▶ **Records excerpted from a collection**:

[Start of Attachment]

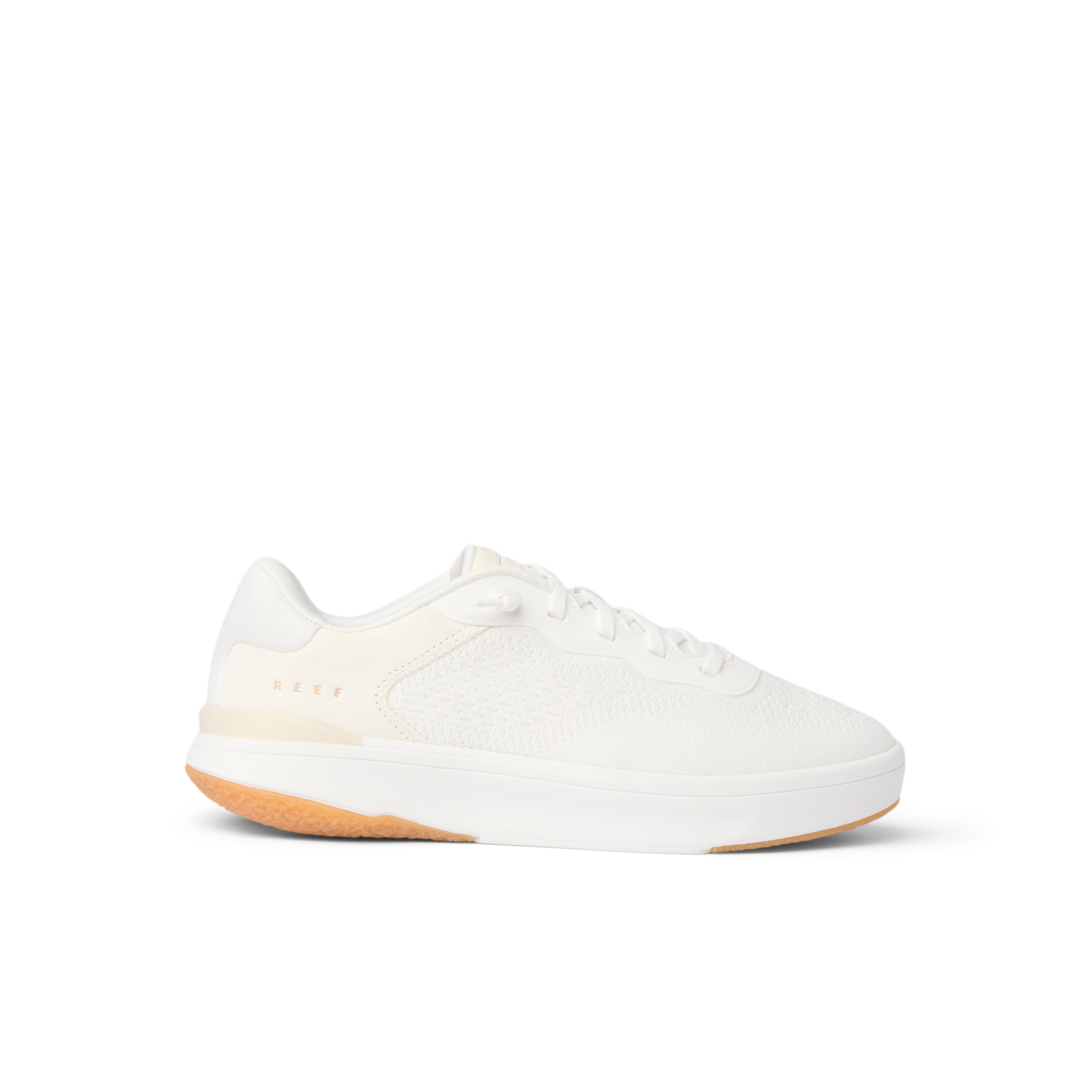 Side view of white Reef Del Mar sneaker with soft-rebound cushioning and anatomical arch support for all-day comfort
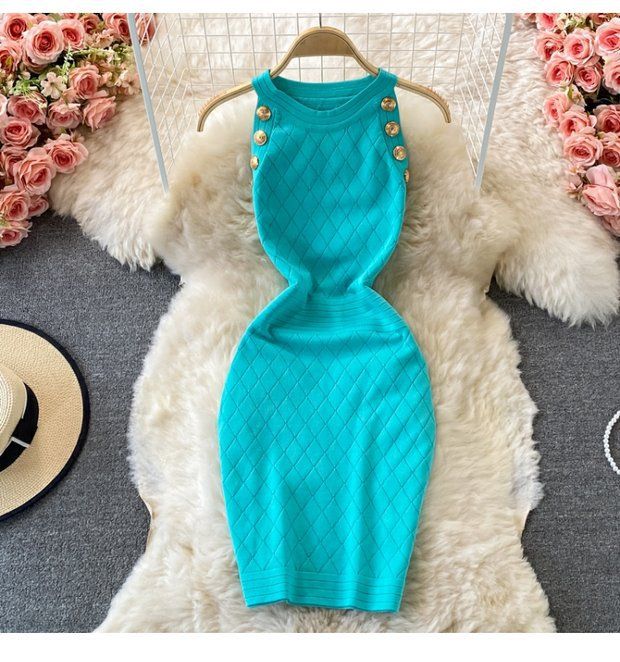 Damen Rundhals Ärmelloses Strick Neckholder Off-Shoulder Kleid Sexy Hüftbetontes Kurzrockkleid_voghion.com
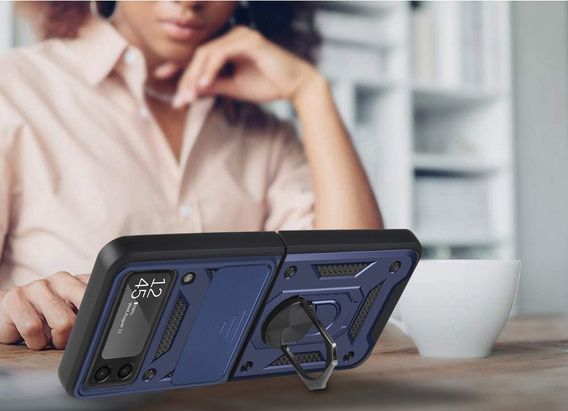 Obal na mobil pre Samsung Galaxy Z Flip3 5G, CamShield Slide, modré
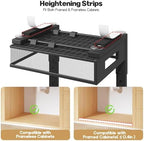 2 Packs 19IN Depth Under Sink Organizer, 2-Tier Pull Out Cabinet Organizer With Smooth Circular Rail, Large Capacity Metal Mesh Sliding Drawers For Bathroom& Kitchen Storage,Height Adjustable –Black - Image 3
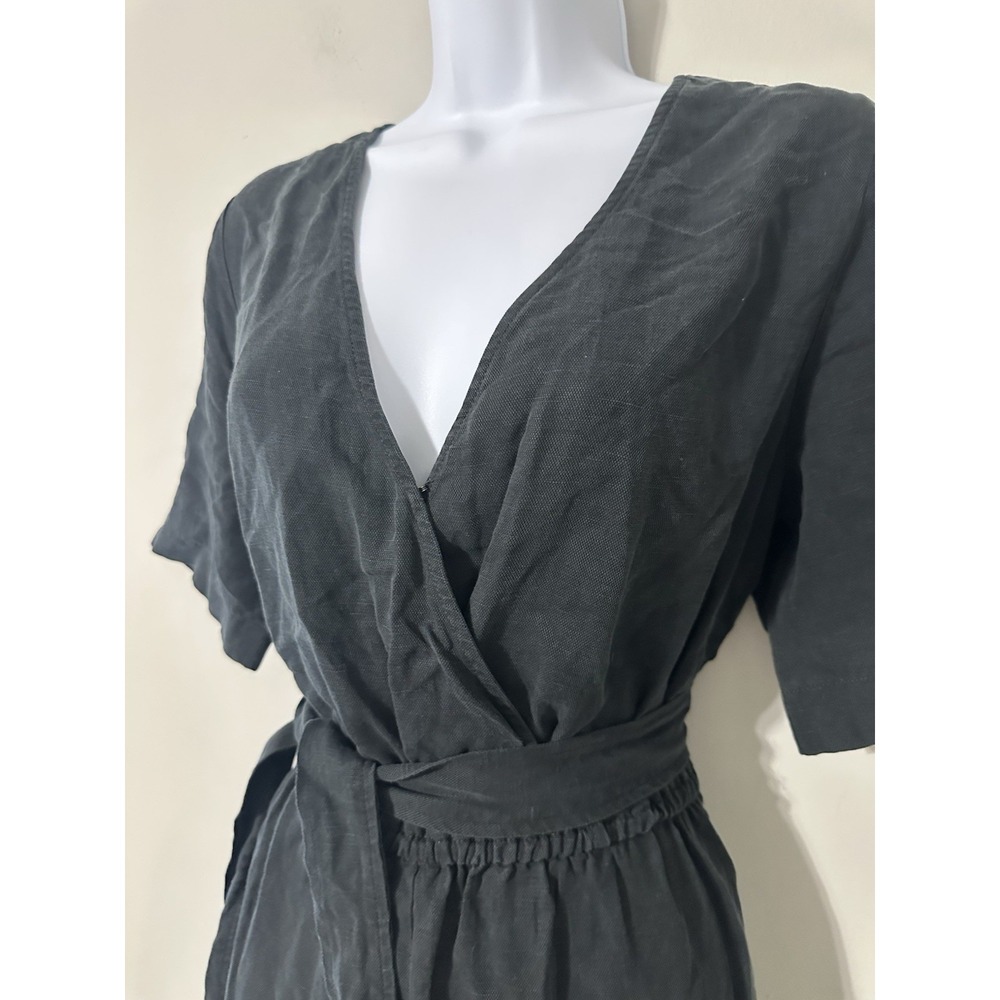 VETTA Capsule Black Wrap Jumpsuit Short Sleeve Wide Leg Tencel Linen Size‎ M EUC - Picture 4 of 8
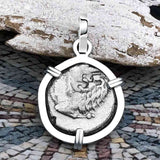 Ancient Greek Lion Hemidrachm 400 BC 14K White Gold Pendant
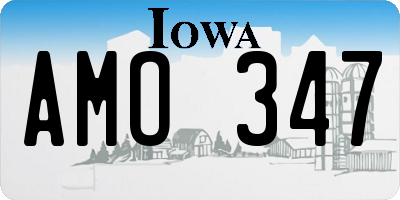 IA license plate AMO347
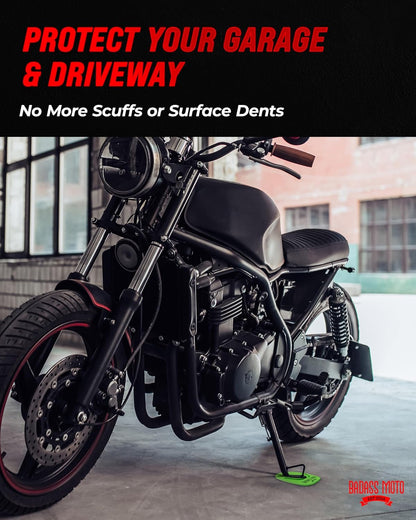 Motorcycle Kickstand Pad — Green 4-Pack
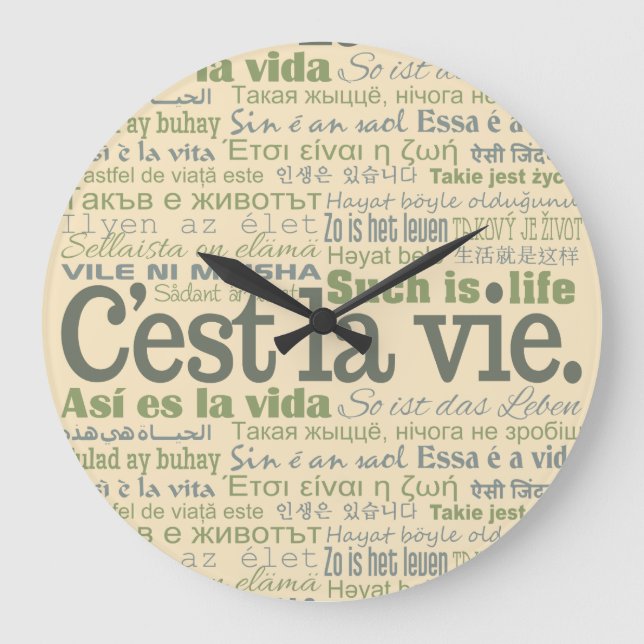 C'est La Vie custom wall clock (Front)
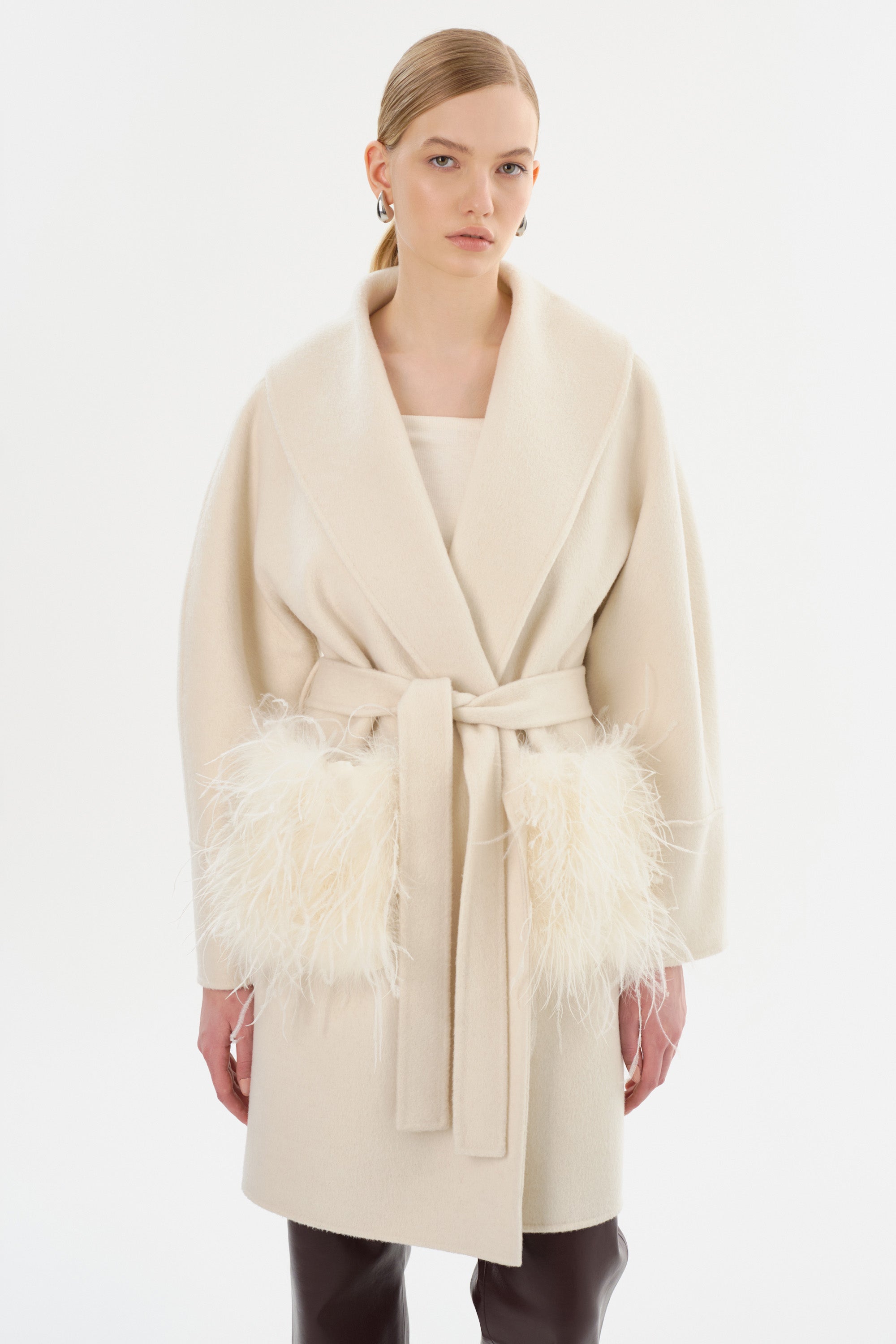 MARIE | Manteau en Laine à Col Châle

[End of Attachment]

▶ **Exercise brief**: All lines from the one holding "Ancient Greek Lion" through the last line of the entries, and nothing else, are to be output exactly; leave out the pictures.

▶ **Worked solution**:
 Ancient Greek Lion Hemidrachm 400 BC 14K White Gold Pendant
 IA license plate AMO347
 Motorcycle Kickstand Pad — Green 4-Pack
 C'est La Vie custom wall clock (Front)
 MARIE | Manteau en Laine à Col Châle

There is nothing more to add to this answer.